Faremos, preliminarmente, uma aná-lise geral do assunto, a fim de justificar sua relevância nos dias atuais. Em seguida, considerando a ausência de regulação expressa sobre o assunto no Direito Brasileiro, imprescindível apontar os princípios que norteiam o tema, os quais, quando colocados em equilíbrio, apontam automaticamente seus limites e desafios. É a partir desse olhar axiológico que abordamos, especificamente, o problema da suspensão liminar das deliberações societárias, antes de propor breve síntese sobre o tema, a qual não visa a esgotar todas as dúvidas, mas apenas a sugerir um ponto de partida possível para as discussões vindouras.

1. Noções gerais

Ninguém mais nega que a empresa assumiu função de mola propulsora da economia, não só organizando a atividade econômica para viabilizar seu desenvolvimento, mas também com uma função social que transcende a mera maximização dos lucros. É nesse sentido que o estudo dos mecanismos de regulação destinados a proteger a atividade social e obstar a danos que prejudiquem a continuidade da empresa se torna fundamental.

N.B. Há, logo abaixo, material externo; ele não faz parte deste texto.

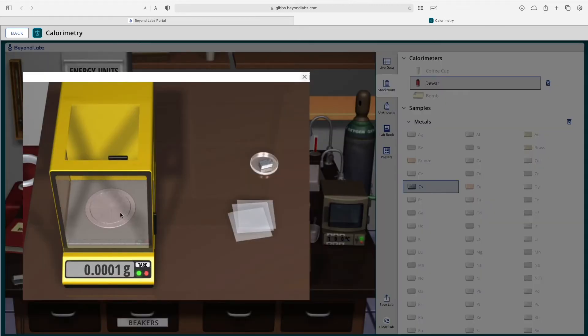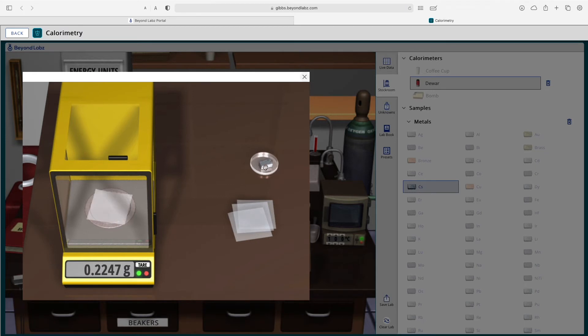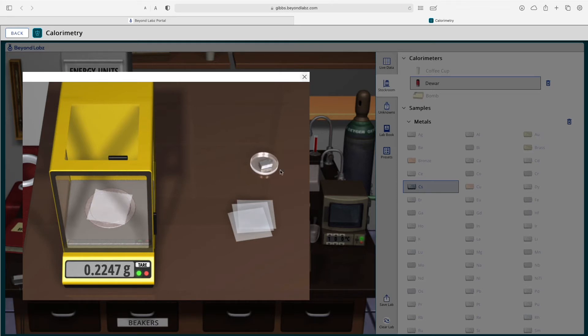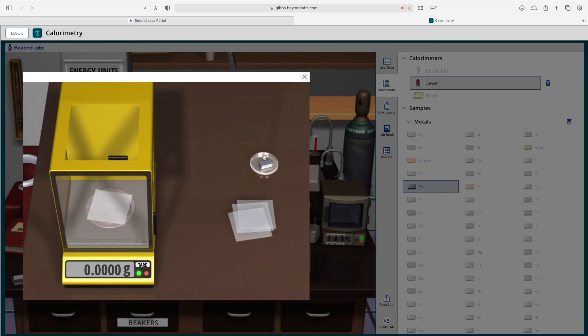You can click on the balance and add weighing paper. You can weigh out any solids you might have. Let's go ahead and weigh this cesium. Notice that I didn't tare. You'll want to keep in mind that this acts just like a real lab.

Importante não olvidar os traços peculiares do direito societário que justificam o tratamento diferenciado das medidas de urgência neste contexto. Para Eros Grau e Paula Forgioni a sociedade é um "feixe de instrumentos jurídicos com objetivo de racionalização dos meios de produção e dos fatores econômicos, humanos e tecnológicos".3Essa relação complexa de interesses subjetivos convergentes e concorrentes é fonte de inúmeras questões processuais que demandam tratamento específico, adequado às suas necessidades e à teoria da empresa. Logo veremos que qualquer pronunciamento jurisdicional atinente à sociedade empresária não poderá jamais se limitar a uma análise unipessoal, mas sempre deverá considerar o feixe de relações jurídicas que formam e que resultam da empresa. Raramente prevalece apenas a ficção da personne morale.

Já que o processo é um instrumento de efetivação do direito material, os contornos e fundamentos filosóficos desse último é que servem a lhe dar forma. Portanto, apenas a compreensão das exigências do direito comercial e, mais precisamente, da sociedade empresária é que permitirão justificar uma atitude processual diferenciada.

Acentua-se ainda mais essa discussão quando está em pauta a tutela da verrossimilhança de um direito alegado com fundamento num juízo de cognição tão somente sumária para deferimento de uma medida urgente. Considerando, portanto, o exercício da atividade empresarial brasileira como o centro gerador de riqueza e impulsionador da economia do País, imprescindível garantir um ordenamento jurídico capaz de viabilizar o bom desempenho das relações comerciais, sob a égide dos princípios estatuídos pelo direito material. De um lado, a importância da continuidade econômica; de outro, a provisoriedade do processo liminar. É entre esses dois extremos que se desenvolvem as próximas linhas.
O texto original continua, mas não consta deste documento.